Mas ao invés de Pombal — e do lúcido Barão Hausmmann (o “artista-demolidor” de Paris, 1853-79) — não se cuidou de fixar “um modelo de prédio que desse contiguidade formal aos novos edifícios e assegurasse uma qualquer harmonia nessa grandiosa artéria” (p. 219) que foi a Avenida da Liberdade riscada por Ressano Garcia e aberta após a demolição do Passeio Público no fim da década de 1870. E o resultado foi que a “parte nova” da cidade logo se mostrou “muito inferior ao que se havia conseguido fazer na velha Baixa pombalina” (p. 232). Ainda assim, Margarida Accaiuoli destaca na Avenida um prédio de Norte Júnior (1915) como “bom modelo” que não singrou e responsabiliza a autarquia da época por regulamentos que proibiram a construção dum arranha-céus (no lote da avenida 24 de Julho hoje ocupado por um edifício riscado pelos irmãos Aires Mateus) que seria o “primeiro projecto de prédio de rendimento formalizado segundo a lógica que o novo século pedia, e que alguns países europeus começavam a adoptar” (p. 229; itálico meu). A historiadora também questiona “até que ponto a notória ausência de reflexão sobre o que deveria caracterizar os prédios de rendimento no novo século que nascia, foi responsável pela desorientação que se instalara” (p. 223).

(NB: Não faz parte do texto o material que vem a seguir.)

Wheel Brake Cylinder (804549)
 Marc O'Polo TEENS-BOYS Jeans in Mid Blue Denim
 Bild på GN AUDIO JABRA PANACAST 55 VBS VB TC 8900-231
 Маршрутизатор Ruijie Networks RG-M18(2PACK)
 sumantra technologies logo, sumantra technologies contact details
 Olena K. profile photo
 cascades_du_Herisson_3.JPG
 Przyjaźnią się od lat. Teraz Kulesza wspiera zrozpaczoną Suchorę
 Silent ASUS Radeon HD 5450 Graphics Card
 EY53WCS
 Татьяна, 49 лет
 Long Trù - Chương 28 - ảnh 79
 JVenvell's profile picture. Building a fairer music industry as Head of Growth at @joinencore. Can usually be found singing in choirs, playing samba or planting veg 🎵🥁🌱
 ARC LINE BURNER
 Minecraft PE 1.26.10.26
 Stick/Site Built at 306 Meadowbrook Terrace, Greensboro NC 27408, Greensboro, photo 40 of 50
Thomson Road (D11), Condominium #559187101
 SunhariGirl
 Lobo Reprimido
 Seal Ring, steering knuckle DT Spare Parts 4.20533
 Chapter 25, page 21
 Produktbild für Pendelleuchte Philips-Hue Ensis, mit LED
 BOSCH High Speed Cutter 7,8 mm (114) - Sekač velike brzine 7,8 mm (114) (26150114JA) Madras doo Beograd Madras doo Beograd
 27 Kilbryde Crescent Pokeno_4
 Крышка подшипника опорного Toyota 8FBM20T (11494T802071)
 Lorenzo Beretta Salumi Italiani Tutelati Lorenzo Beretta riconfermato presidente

Que desorientação foi essa? A primeira república criou uma “legislação ineficaz e nociva” sobre arrendamento e de “constante ataque contra os proprietários” e não soube estimular “qualquer investimento na indústria da construção” (p. 382). Depois, o regime saído do golpe de 1926 transformou o inquilinato num “problema fiscal”, «”gravando taxas sobre sucessões e doações e a contribuição predial”, ao mesmo tempo que “posturas municipais sobrecarregavam os senhorios” (p. 389). Em 1933, a Associação Lisbonense dos Proprietários concluía que a nova Constituição Portuguesa “era a que menos assegurava o direito de propriedade aos seus cidadãos”, pelas «restrições que impunham à sua rentabilização”, com regimes de tributação “extremamente gravosos para os proprietários urbanos” (p.390). Sem surpresa, o congelamento das rendas durante quatro décadas teria de ser fatal para a manutenção ou conservação de muitos edifícios de apartamentos arrendados. E agora o desastre fere-nos a vista: “a mesma irracionalidade […] que afectou a conservação dos edifícios, pondo em causa o património da cidade” (p. 638); e a impossível recuperação dum “património cuja rentabilização esteve congelada durante 38 anos” (p. 666).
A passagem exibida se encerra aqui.